#### PROBLEM TO SOLVE:
Beginning with the line that contains "カラーコード: RGB 164 108.8 79.4 | qconv.com" and ending with the line that contains "PajamaMania Women's Cotton", reproduce the lines of the entries below exactly, omitting pictures.

#### LISTED RECORDS:
━━━

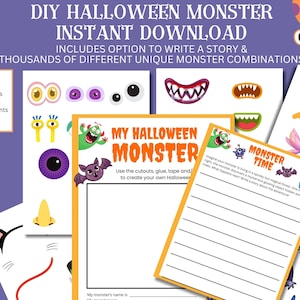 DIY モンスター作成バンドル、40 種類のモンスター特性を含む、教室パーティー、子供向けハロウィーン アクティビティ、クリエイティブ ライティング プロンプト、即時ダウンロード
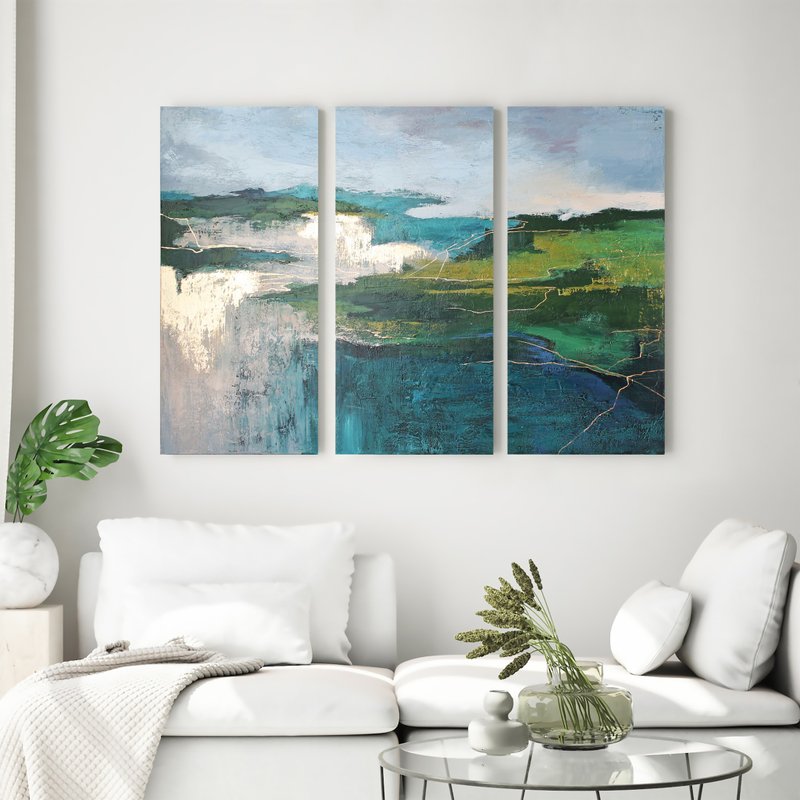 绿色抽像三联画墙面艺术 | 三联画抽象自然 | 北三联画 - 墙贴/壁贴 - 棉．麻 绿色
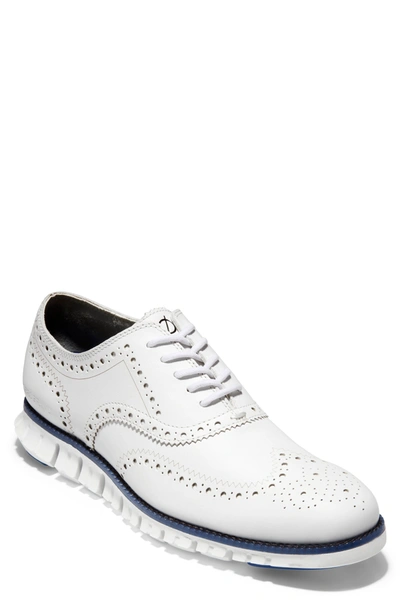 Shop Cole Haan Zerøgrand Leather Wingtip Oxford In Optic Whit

━━━

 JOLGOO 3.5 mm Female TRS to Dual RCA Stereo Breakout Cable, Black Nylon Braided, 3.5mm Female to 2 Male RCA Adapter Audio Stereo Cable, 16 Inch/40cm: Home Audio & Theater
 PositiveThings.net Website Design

━━━

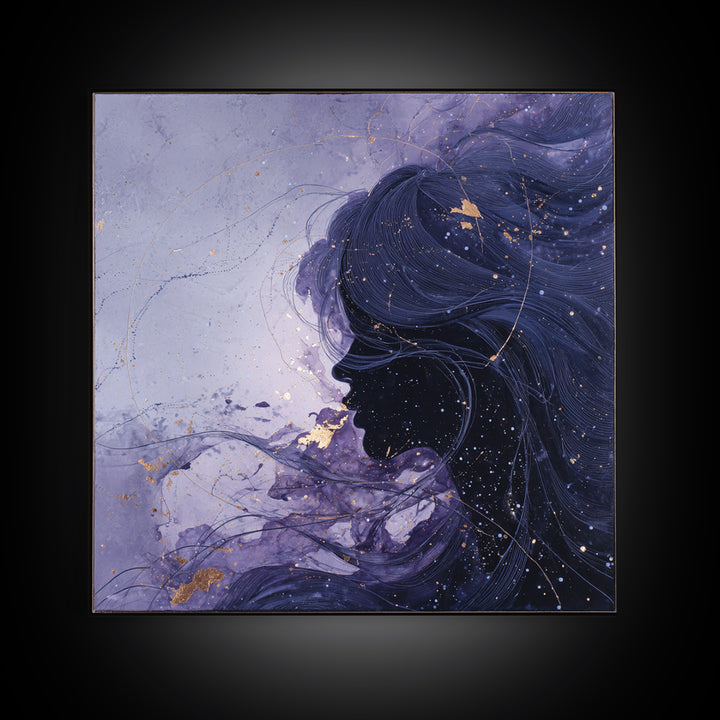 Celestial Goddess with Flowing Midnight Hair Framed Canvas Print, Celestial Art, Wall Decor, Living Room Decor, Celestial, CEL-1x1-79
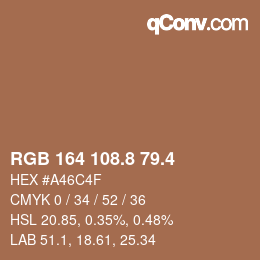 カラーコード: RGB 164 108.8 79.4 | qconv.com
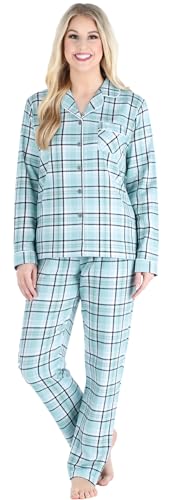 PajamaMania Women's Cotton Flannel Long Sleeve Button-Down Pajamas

━━━

#### REPLY TO THE EXERCISE:
 カラーコード: RGB 164 108.8 79.4 | qconv.com
 PajamaMania Women's Cotton Flannel Long Sleeve Button-Down Pajamas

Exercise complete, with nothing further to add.